4. Patience you must have, my young Padawan.” – Yoda, Star Wars: Episode V – The Empire Strikes Back (1980)

This quote was originally delivered by Jedi Master Yoda to the young and inexperienced Luke Skywalker during Luke’s training. Luke was rushing his training so he could go fight his father Darth Vader. Yoda, on the other hand, felt he needed more training. Despite his unconventional way of speaking, Yoda always conveys great wisdom. There are many ways that patience benefits financial agents, but today we will take a look at two in particular.

The first scenario where patience applies in finance is when trading stocks and securities. When you look to make a trade, you must set your rules for entry.
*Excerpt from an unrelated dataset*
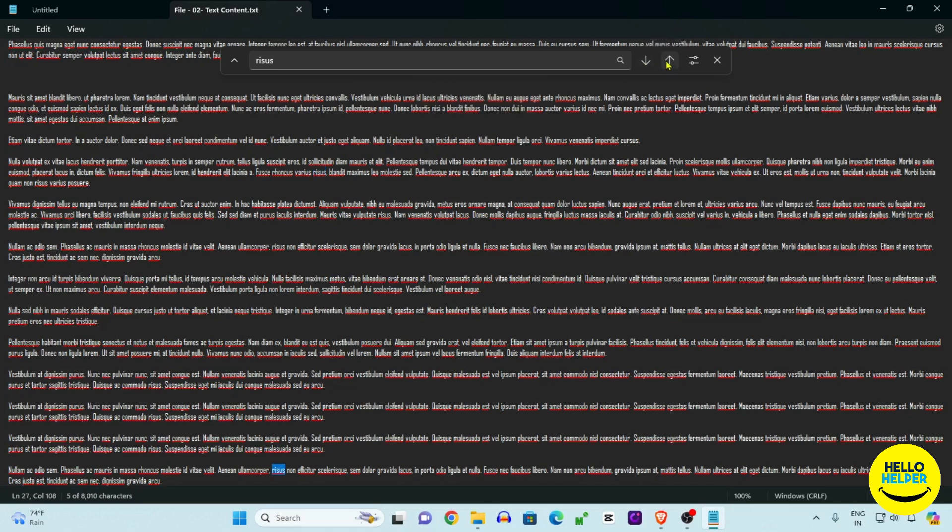So this is the tutorial which I want to share with you, how you can easily find the word or search word in your Notepad file.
At what price point will you make the trade? At what point will you sell what you currently possess? Should you sell after turmoil? These decisions are all very important. Being patient can ensure that you make the right decision at the right time.

The second scenario where patience is a virtue in finance is anytime you help a client with their finances. You are a professional. You have the training and the knowledge to help them make a plan that fits their needs. Be patient, and encourage them to be patient, when investing or saving for the future. It takes time to save for things such as retirement. Be patient. When working with clients, you should be like the Master Yoda of the conversation. Convey your wisdom and speak the truth.

5. Judge me by my size, do you?” – Yoda, Star Wars: Episode V – The Empire Strikes Back (1980)

9 Star Wars Quotes That Can Make You A Better Financial Agent

Yoda is full of grammatically incorrect quotes brimming with wisdom. As he accuses Luke Skywalker of misjudging his power, Yoda asks a question that should be asked more often. You should be very cautious when judging opportunities. Just because a company is small, doesn’t mean it is a bad investment opportunity. That small company could grow to become extremely profitable. Perhaps a great investment opportunity is severely undervalued. When it comes to trading, be careful of judging things by their size.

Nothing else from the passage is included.